The left-field reference does, however, ripple into "Party for One" in both familiar and unfamiliar ways. Like a neon light that never goes out, '80s synth-pop is still at the core of Jepsen's being, an outlet to tease the smaller emotions of heartbreak and fantasy with grandiose production.

"Party for one / If you don't care about me / I'll just dance by myself / Back on my beat," she sings, echoing Robyn (who also recently and miraculously returned), another pop singer-songwriter who knows a thing or two about turning vulnerability into power. But mixed into those celestial synths is a little beat-driven bravado: "Party for one / If you don't care about me / Making love to myself / Back on my beat."

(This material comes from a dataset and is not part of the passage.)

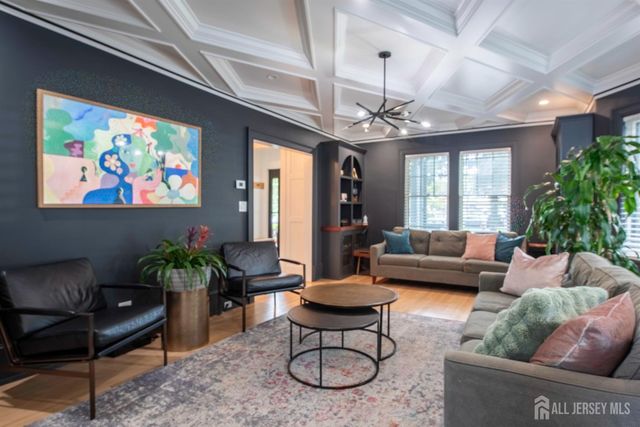 10 N 8th N Avenue, Highland Park, NJ 08904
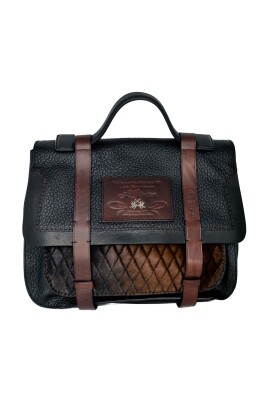 black-leather-messenger-bag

This is where Carly Rae Jepsen's phases cross over one another like polka dots on chevron, loudly proclaiming self-love forged from solitude. The accompanying music video does much the same, following lonely hearts in hotel rooms, who find their own forms of self-love through spaghetti and wine in the tub, dancing with a martini, shameless product placement (of which Jepsen is a queen), sad movies and, well, other pleasure devices. They're all back on their beat by way — of all things — of minimalist textures that pop.